First you need to opt for a debt advisor, as they will first come up with efficient ways through which you could save money on the basis of your budget. They will then help you carry out an assessment of your financial situation and debts by asking you a series of questions. The key agenda of following these questions is to get a more accurate picture of your finances. Keep in mind that they must believe in establishing a trustworthy relationship with you so that you can be completely honest with them upon the discussion of your finances to get the required help you need.
They use this information to calculate how much you can comfortably afford to pay each month out of your surplus income. Once this amount has been agreed with you, they ask your creditor to cease all charges and negotiate a different repayment schedule, the one which will be easier to manage every month. In most cases, creditors are happy to agree to the plans because they know from their experience that such plans are realistic and sustainable.
You then make a single monthly payment, all of which is distributed to your creditors on your behalf.
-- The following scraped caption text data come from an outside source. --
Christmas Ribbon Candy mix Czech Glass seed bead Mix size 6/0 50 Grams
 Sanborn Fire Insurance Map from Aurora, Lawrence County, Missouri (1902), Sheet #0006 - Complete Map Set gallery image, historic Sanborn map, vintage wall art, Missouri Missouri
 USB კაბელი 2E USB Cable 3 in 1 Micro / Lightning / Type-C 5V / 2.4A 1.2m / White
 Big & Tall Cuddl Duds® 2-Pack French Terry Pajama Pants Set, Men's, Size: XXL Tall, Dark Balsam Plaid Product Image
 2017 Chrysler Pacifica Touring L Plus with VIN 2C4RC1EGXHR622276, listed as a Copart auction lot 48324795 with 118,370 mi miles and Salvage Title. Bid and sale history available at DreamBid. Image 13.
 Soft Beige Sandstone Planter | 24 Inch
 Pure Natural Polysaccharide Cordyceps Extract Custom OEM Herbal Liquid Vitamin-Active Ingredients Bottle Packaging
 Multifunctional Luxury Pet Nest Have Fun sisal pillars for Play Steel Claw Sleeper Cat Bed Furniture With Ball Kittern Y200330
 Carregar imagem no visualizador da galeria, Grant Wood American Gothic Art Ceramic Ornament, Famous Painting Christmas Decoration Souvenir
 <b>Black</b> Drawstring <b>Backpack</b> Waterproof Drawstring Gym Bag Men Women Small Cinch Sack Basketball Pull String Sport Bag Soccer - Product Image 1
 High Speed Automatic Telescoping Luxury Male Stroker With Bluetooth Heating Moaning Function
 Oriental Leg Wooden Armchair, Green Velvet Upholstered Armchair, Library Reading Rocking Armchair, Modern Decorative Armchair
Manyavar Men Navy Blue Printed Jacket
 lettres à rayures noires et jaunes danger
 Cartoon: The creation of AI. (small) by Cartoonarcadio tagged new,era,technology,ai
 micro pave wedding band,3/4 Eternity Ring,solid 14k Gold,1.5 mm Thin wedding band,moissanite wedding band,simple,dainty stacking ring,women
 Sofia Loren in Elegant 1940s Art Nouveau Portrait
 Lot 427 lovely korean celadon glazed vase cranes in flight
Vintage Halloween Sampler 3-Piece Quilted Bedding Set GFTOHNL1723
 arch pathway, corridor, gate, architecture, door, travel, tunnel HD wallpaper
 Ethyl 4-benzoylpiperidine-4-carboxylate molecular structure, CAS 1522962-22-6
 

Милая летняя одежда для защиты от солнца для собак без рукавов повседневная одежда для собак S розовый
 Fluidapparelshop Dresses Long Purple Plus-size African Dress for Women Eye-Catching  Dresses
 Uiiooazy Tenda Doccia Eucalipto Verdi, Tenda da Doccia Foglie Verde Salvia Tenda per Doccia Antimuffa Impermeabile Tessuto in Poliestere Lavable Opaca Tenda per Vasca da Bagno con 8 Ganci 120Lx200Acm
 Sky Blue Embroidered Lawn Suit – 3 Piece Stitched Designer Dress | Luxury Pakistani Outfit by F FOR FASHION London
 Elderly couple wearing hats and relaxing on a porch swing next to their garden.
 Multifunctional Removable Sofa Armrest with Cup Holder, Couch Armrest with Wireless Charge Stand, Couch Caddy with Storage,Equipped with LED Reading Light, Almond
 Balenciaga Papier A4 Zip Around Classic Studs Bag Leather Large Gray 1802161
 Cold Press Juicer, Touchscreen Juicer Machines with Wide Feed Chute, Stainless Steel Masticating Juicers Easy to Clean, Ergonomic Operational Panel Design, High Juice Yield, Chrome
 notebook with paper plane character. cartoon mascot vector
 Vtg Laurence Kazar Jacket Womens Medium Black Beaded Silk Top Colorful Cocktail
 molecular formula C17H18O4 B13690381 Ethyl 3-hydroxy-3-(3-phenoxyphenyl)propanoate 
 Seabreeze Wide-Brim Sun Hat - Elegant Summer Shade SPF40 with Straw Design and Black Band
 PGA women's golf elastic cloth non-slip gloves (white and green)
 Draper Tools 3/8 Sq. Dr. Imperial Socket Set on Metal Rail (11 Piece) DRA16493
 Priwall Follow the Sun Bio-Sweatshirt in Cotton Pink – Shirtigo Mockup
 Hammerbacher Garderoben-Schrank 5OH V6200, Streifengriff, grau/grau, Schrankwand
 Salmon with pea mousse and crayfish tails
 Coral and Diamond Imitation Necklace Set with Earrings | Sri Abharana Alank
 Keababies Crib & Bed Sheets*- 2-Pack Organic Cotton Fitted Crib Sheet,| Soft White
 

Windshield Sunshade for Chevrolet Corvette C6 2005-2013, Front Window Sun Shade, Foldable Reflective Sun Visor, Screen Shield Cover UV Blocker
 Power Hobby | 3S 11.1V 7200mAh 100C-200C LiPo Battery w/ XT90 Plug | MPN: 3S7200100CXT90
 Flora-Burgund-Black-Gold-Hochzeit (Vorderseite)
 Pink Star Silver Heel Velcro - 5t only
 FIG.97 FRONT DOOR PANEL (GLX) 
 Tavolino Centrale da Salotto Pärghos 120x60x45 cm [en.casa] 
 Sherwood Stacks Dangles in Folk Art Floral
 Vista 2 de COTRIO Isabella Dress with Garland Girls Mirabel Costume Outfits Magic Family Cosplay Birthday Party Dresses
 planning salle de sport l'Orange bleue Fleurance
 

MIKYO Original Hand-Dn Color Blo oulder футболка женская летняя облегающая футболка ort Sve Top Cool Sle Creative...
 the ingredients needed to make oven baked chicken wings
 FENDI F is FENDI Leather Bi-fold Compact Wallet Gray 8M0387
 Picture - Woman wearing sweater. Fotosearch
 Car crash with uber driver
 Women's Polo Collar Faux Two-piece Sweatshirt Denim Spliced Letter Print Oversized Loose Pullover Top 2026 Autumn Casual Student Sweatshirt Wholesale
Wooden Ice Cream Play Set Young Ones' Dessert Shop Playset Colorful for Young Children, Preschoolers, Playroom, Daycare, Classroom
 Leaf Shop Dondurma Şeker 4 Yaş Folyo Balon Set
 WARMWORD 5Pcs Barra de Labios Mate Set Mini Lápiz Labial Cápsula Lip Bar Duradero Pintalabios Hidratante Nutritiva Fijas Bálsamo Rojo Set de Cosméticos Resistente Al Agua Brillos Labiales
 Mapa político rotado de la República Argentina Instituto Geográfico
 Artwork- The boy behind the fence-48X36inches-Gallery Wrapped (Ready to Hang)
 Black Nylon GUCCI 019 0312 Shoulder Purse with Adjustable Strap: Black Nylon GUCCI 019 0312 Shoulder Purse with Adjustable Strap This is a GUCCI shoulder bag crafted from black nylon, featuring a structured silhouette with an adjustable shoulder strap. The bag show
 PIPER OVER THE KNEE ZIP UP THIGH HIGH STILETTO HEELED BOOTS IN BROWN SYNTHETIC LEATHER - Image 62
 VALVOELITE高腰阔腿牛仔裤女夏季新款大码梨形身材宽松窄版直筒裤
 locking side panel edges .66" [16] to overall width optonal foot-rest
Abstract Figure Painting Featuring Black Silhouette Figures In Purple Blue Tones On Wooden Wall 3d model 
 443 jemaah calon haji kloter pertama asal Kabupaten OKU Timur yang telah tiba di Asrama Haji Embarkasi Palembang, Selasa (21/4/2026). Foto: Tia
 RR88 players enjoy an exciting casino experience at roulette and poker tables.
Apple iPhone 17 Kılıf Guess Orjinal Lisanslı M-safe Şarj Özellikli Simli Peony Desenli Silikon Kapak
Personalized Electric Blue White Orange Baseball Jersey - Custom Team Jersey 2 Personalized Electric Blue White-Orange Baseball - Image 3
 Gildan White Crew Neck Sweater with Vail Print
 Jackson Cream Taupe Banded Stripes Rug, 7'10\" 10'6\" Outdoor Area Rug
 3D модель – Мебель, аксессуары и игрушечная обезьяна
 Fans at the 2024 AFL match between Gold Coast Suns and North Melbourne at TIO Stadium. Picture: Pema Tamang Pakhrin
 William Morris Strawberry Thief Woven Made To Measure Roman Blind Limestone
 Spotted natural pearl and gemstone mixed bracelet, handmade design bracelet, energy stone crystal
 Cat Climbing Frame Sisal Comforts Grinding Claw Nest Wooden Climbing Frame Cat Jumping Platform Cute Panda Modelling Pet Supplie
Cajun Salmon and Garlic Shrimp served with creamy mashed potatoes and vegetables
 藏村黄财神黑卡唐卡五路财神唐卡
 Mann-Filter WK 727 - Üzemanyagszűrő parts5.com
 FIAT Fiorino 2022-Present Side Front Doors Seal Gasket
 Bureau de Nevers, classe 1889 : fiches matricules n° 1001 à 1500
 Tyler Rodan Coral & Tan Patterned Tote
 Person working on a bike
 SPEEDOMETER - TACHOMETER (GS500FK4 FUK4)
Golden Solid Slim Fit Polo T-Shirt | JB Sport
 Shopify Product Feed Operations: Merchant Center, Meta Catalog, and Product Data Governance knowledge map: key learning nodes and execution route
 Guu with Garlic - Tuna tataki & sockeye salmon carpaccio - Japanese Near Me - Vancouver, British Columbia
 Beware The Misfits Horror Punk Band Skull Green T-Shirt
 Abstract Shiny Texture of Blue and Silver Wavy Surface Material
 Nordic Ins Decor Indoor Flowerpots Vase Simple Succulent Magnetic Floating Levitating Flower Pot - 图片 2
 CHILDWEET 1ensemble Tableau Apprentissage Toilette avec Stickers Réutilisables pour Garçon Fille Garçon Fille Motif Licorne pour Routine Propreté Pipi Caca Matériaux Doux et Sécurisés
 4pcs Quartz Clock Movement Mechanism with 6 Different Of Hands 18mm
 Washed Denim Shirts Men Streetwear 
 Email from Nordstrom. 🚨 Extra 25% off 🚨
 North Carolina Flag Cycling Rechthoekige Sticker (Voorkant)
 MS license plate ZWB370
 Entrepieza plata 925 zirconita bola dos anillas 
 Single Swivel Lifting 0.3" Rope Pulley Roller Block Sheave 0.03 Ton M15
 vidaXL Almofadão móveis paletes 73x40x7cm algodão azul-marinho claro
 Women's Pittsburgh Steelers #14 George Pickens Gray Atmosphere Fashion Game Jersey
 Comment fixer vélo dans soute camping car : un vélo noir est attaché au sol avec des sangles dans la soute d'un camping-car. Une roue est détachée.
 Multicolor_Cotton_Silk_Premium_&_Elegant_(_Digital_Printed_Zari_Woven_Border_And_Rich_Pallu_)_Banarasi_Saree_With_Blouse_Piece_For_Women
It is important that the payment is made into your debt management plan on a monthly basis. Throughout the duration of your plan, your debt advisor should be constantly in touch with you so that you can have an experienced voice by your side in case of any issues from your creditor.
Your debt management plan must be reviewed at regular intervals to ensure that it still meets your ongoing circumstances. In case your financial situation changes, they will have the flexibility to renegotiate the payment terms on your behalf.